The Warden barreled forward, trying to pin me against the wall. His grip clamped my shoulders, crushing, suffocating. I felt bone strain under his weight. His breath was hot and foul in my ear.

But then Linette surged. A scream tore through me—not sound, not words, but pure force. Fire exploded from my chest, throwing him back. Stone cracked. The air filled with smoke.

He coughed, dragging himself upright, eyes bloodshot, spittle foaming at his lips. No discipline now. No authority. Just brute strength as he charged.

I met him.

We collided in the center of the corridor, his fist slamming against my ribs, my fire clawing at his chest. I felt the skin on my knuckles split, the heat eating into him, but I didn't stop. Couldn't.

The world narrowed to his face twisted in rage, my fire blazing higher, Linette's voice chanting wordless fury in my mind.

Then, all at once—silence.

The Warden crumpled. Smoke curled from the edges of his coat, skin blistered where my fire had torn through. His eyes rolled back.

I stood over him, chest heaving, the ember inside me finally quiet.

Dead.

The silence didn't last.

Footsteps thundered down the hall. Students and instructors crowded the doorway, their gasps sharp against the thick air. Faces—Kris pale, Melissa sneering, Melinda white with terror—stared at the body on the ground.

"She killed him," someone whispered.

And then Gerard pushed through the crowd. His eyes burned with something I couldn't name—anger, jealousy, triumph. He pointed at me, voice ringing with condemnation.

"She killed him."

Gasps rippled again. No one moved to help me. No one defended me.

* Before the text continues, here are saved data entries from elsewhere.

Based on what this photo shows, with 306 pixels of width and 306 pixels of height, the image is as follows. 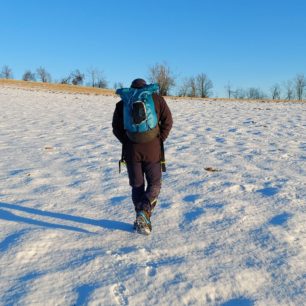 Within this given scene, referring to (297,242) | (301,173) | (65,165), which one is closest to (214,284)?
(297,242)

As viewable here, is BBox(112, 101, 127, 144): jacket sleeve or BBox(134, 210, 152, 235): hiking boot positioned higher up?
BBox(112, 101, 127, 144): jacket sleeve

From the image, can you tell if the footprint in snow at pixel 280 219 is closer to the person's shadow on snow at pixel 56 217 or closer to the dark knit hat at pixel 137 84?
the person's shadow on snow at pixel 56 217

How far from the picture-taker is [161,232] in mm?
4129

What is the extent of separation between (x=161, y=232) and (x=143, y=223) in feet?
0.97

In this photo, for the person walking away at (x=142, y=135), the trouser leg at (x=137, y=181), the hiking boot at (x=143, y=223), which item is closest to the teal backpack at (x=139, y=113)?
the person walking away at (x=142, y=135)

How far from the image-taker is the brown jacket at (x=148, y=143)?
156 inches

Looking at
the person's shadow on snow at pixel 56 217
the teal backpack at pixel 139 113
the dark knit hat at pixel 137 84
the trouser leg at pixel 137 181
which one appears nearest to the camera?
the teal backpack at pixel 139 113

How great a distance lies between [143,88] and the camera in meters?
3.86

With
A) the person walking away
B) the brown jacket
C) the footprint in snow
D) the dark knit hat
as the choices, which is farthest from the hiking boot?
the footprint in snow

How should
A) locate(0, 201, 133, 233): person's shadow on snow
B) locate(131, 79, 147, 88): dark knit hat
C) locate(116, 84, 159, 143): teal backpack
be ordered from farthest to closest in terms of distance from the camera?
locate(0, 201, 133, 233): person's shadow on snow → locate(131, 79, 147, 88): dark knit hat → locate(116, 84, 159, 143): teal backpack

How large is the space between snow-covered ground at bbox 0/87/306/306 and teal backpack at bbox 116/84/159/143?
1.12 metres

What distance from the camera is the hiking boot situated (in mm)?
3947

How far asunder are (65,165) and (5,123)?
6760 mm

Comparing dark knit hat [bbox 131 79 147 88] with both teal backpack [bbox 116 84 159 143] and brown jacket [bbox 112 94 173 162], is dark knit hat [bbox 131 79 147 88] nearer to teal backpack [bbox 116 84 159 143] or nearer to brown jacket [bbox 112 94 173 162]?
teal backpack [bbox 116 84 159 143] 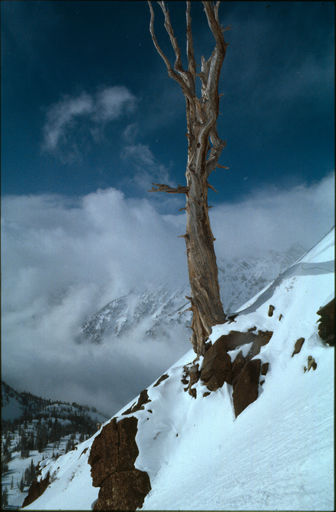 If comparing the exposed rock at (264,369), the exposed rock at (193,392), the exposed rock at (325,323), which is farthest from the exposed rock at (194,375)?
the exposed rock at (325,323)

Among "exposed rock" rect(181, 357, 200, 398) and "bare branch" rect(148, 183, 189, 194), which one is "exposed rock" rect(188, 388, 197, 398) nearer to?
"exposed rock" rect(181, 357, 200, 398)

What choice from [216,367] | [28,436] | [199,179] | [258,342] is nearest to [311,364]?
[258,342]

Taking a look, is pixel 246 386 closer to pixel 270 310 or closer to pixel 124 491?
pixel 270 310

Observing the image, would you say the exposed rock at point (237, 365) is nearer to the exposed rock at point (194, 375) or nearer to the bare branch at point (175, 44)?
the exposed rock at point (194, 375)

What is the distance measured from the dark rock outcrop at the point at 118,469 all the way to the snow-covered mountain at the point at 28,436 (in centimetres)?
2633

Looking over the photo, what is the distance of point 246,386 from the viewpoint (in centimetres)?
411

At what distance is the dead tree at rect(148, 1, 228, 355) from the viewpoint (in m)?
6.79

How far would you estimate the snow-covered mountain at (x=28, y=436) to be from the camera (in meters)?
56.0

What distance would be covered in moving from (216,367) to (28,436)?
109m

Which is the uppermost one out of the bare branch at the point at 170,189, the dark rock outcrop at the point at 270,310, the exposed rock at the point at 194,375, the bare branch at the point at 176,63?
the bare branch at the point at 176,63

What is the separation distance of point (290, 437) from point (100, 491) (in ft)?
12.6

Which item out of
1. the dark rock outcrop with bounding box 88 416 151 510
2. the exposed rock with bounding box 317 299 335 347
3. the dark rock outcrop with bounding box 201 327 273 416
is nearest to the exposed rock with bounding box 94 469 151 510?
the dark rock outcrop with bounding box 88 416 151 510

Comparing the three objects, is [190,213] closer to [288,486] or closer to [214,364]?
[214,364]

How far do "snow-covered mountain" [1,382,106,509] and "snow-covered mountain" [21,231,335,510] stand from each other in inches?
1058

Gerard strode forward, his boots heavy against the stone. "This is your Advanced Class?" he called to the instructors behind him. "A murderer. A fraud."

He reached me before I could move. His hand clamped onto my arm like iron, jerking me forward so fast I nearly fell. Cold metal pressed against my throat.

He leaned close, his breath hot against my ear.

"All that training, all that praise, wasted on someone who can't even control herself. Do you know how many of us would've killed for that seat in the Advanced class?"

The collar locked with a sharp, final click.

The ember in me guttered. Linette's presence—always there, always a whisper in the corner of my mind—went dark.

The world was silent.

For the first time since I had found her, I was truly alone.